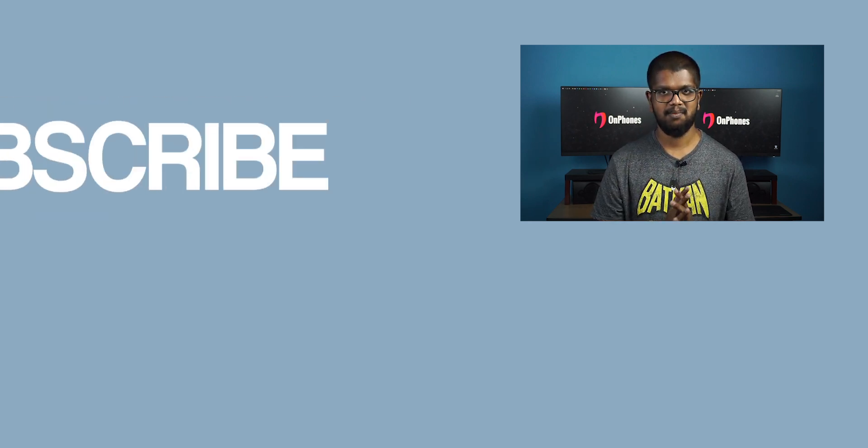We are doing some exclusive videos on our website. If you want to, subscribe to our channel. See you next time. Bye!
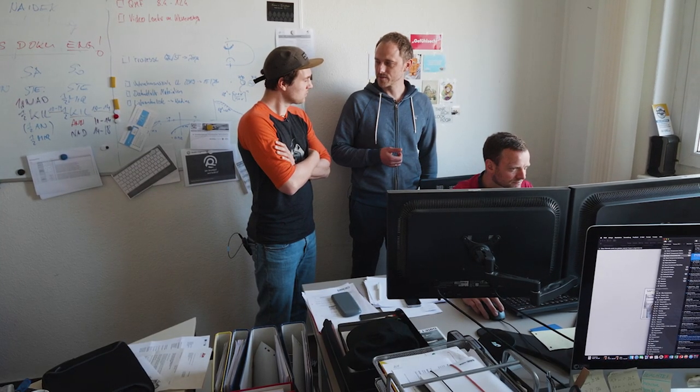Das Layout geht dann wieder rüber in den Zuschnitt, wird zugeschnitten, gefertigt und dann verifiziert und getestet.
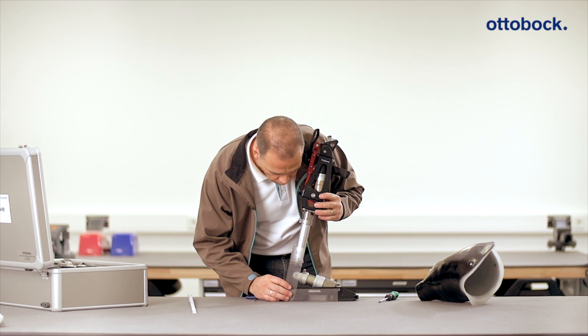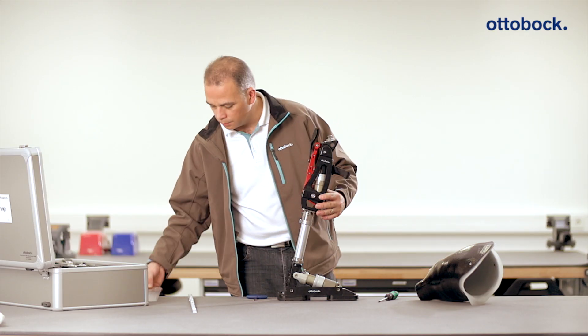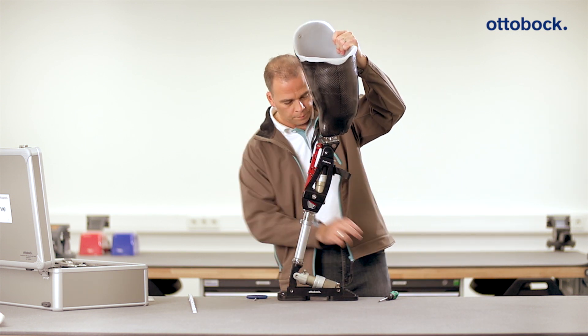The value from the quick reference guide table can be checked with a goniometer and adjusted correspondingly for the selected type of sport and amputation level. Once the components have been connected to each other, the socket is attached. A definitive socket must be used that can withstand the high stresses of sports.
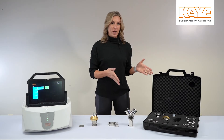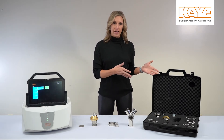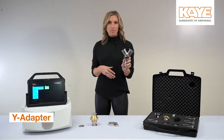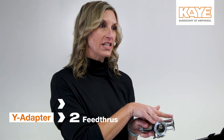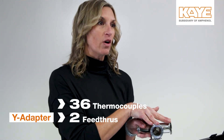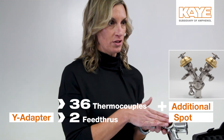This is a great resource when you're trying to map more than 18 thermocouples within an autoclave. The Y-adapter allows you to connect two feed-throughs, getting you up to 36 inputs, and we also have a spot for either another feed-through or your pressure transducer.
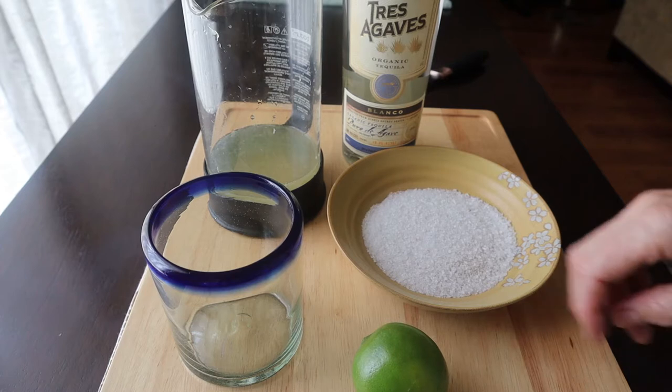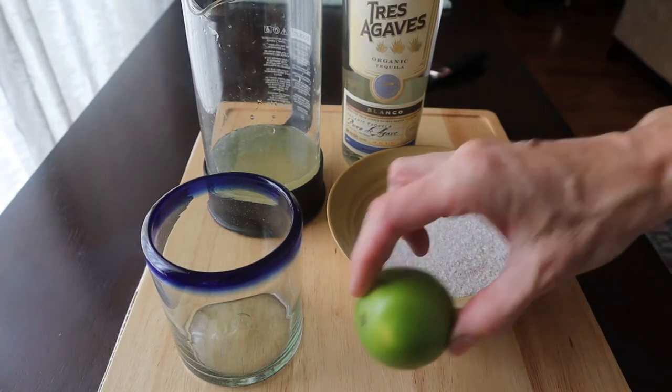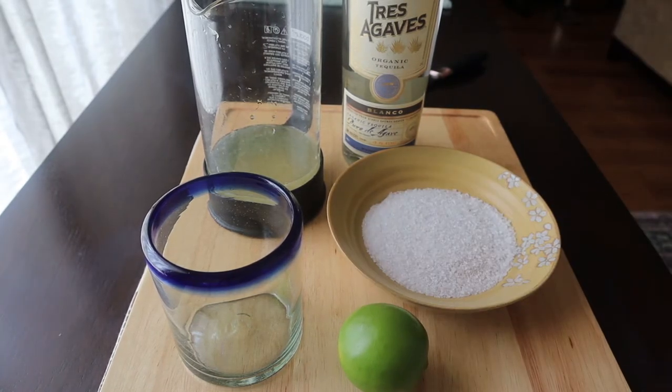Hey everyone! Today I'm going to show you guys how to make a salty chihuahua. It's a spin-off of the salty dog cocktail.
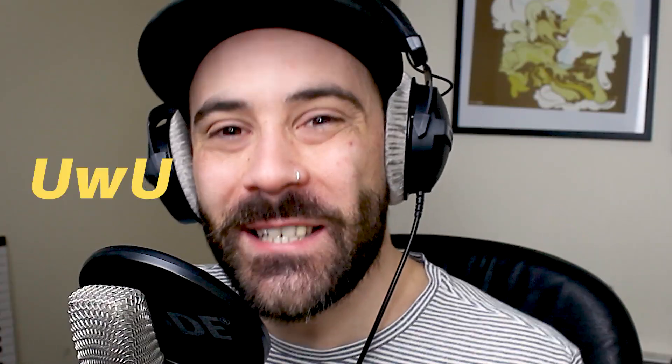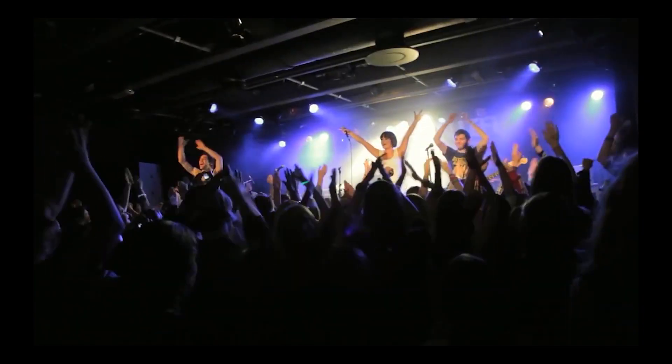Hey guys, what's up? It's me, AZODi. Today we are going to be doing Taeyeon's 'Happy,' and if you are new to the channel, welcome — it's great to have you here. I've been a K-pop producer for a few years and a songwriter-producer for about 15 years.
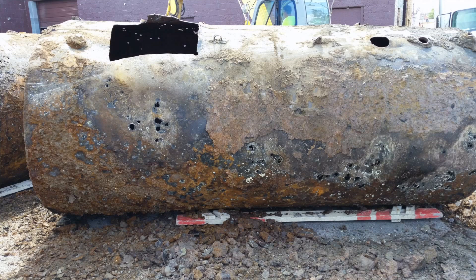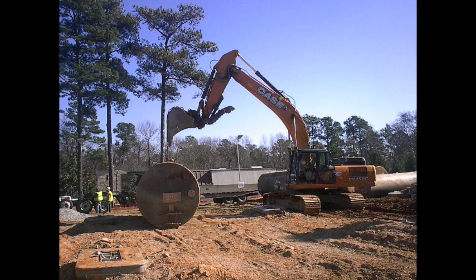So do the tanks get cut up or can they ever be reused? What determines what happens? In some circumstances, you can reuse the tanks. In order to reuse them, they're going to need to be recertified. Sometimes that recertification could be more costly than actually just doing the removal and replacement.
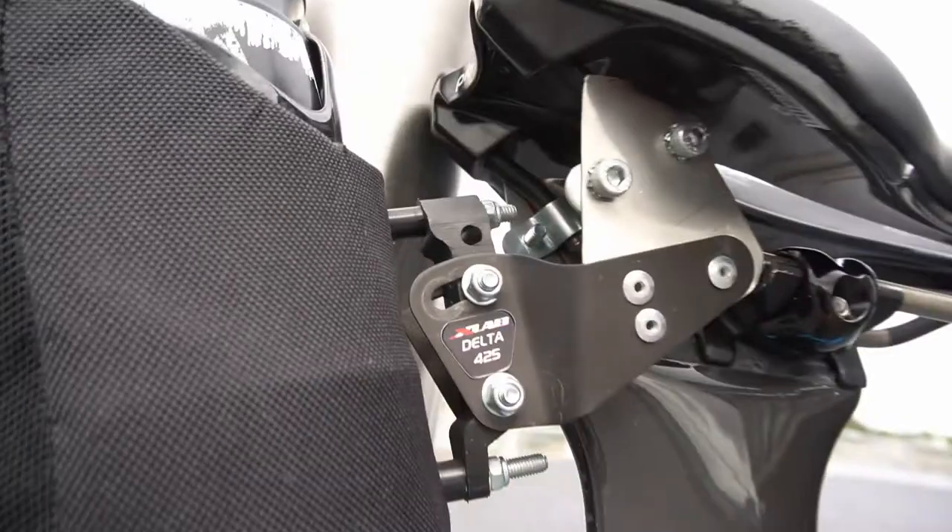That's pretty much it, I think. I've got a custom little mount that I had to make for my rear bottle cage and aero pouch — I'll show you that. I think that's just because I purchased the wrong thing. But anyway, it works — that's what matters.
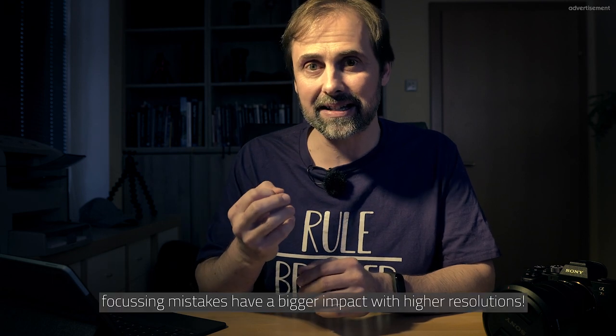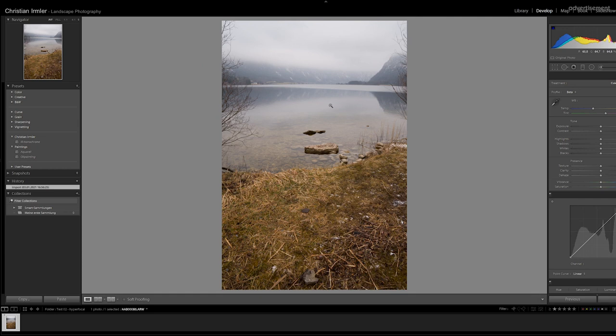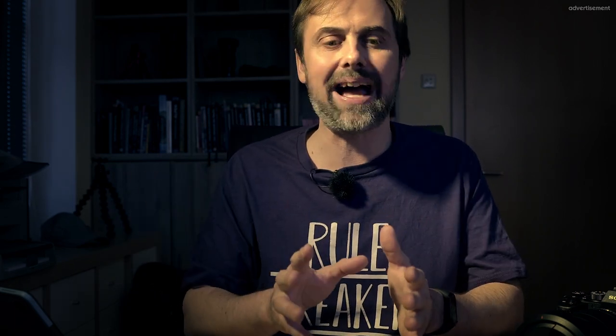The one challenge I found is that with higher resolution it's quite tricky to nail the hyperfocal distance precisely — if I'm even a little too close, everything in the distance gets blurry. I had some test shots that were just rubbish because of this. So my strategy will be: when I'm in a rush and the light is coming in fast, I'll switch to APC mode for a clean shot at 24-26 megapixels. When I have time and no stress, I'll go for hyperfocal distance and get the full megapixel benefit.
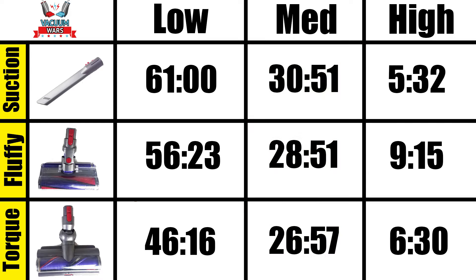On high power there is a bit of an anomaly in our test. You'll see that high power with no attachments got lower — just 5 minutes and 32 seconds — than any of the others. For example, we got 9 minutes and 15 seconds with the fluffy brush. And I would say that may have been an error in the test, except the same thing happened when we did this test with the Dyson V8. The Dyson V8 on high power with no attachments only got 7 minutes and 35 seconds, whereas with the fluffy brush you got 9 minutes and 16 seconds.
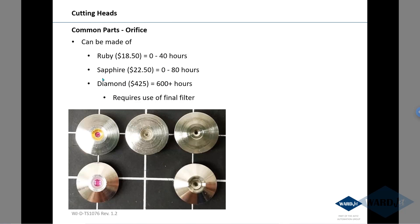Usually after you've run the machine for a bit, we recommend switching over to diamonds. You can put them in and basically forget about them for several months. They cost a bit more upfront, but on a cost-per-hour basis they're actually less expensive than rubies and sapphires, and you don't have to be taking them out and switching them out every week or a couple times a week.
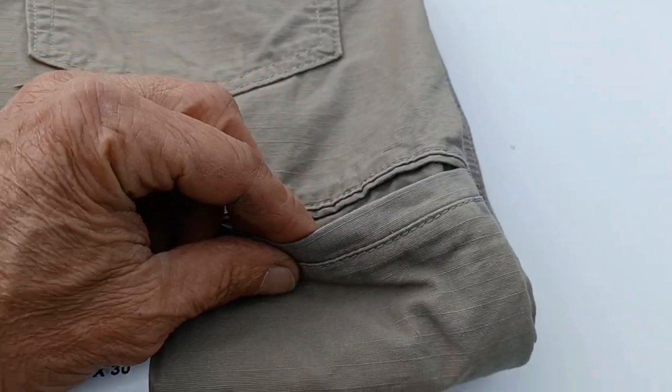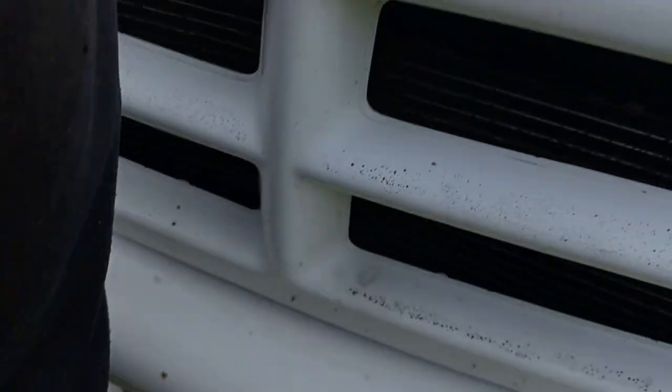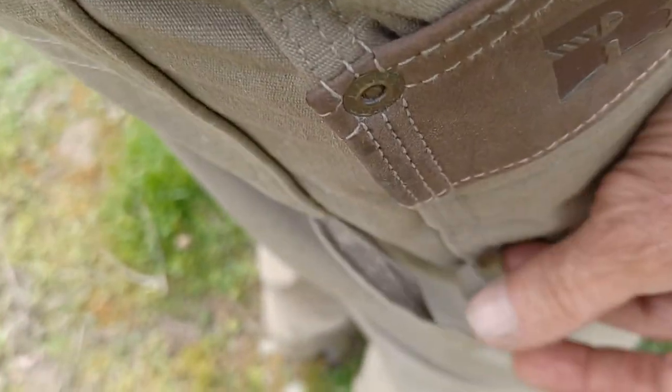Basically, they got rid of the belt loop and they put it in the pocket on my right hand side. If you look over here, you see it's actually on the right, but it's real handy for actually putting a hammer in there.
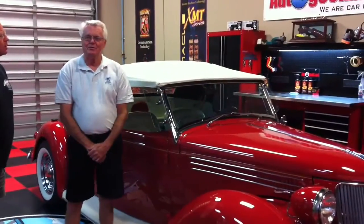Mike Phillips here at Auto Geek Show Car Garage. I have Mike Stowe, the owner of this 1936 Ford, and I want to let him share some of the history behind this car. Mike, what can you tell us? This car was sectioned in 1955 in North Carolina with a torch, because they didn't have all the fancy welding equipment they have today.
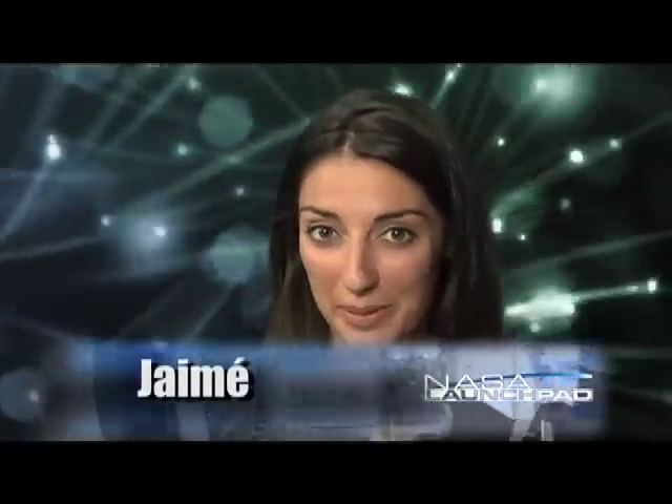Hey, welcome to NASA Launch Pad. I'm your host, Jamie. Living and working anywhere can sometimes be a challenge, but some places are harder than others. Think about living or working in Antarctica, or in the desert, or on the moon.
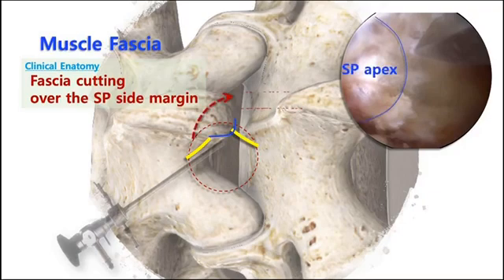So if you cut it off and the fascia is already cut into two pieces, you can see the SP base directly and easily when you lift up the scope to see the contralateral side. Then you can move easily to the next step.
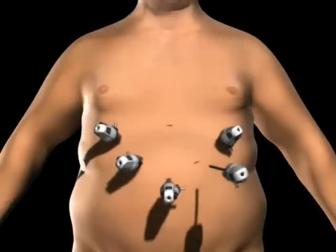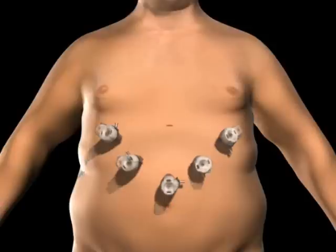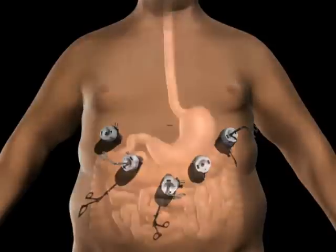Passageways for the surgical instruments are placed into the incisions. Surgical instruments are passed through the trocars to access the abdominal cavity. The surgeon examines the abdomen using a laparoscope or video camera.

What to produce.
Take the entries above and copy exactly the lines starting at the one with "So do the tanks" and ending at the one with "Usually after you've"; nothing outside that span, and no pictures.

Result.
So do the tanks get cut up or can they ever be reused? What determines what happens? In some circumstances, you can reuse the tanks. In order to reuse them, they're going to need to be recertified. Sometimes that recertification could be more costly than actually just doing the removal and replacement.
That's pretty much it, I think. I've got a custom little mount that I had to make for my rear bottle cage and aero pouch — I'll show you that. I think that's just because I purchased the wrong thing. But anyway, it works — that's what matters.
The one challenge I found is that with higher resolution it's quite tricky to nail the hyperfocal distance precisely — if I'm even a little too close, everything in the distance gets blurry. I had some test shots that were just rubbish because of this. So my strategy will be: when I'm in a rush and the light is coming in fast, I'll switch to APC mode for a clean shot at 24-26 megapixels. When I have time and no stress, I'll go for hyperfocal distance and get the full megapixel benefit.
On high power there is a bit of an anomaly in our test. You'll see that high power with no attachments got lower — just 5 minutes and 32 seconds — than any of the others. For example, we got 9 minutes and 15 seconds with the fluffy brush. And I would say that may have been an error in the test, except the same thing happened when we did this test with the Dyson V8. The Dyson V8 on high power with no attachments only got 7 minutes and 35 seconds, whereas with the fluffy brush you got 9 minutes and 16 seconds.
Usually after you've run the machine for a bit, we recommend switching over to diamonds. You can put them in and basically forget about them for several months. They cost a bit more upfront, but on a cost-per-hour basis they're actually less expensive than rubies and sapphires, and you don't have to be taking them out and switching them out every week or a couple times a week.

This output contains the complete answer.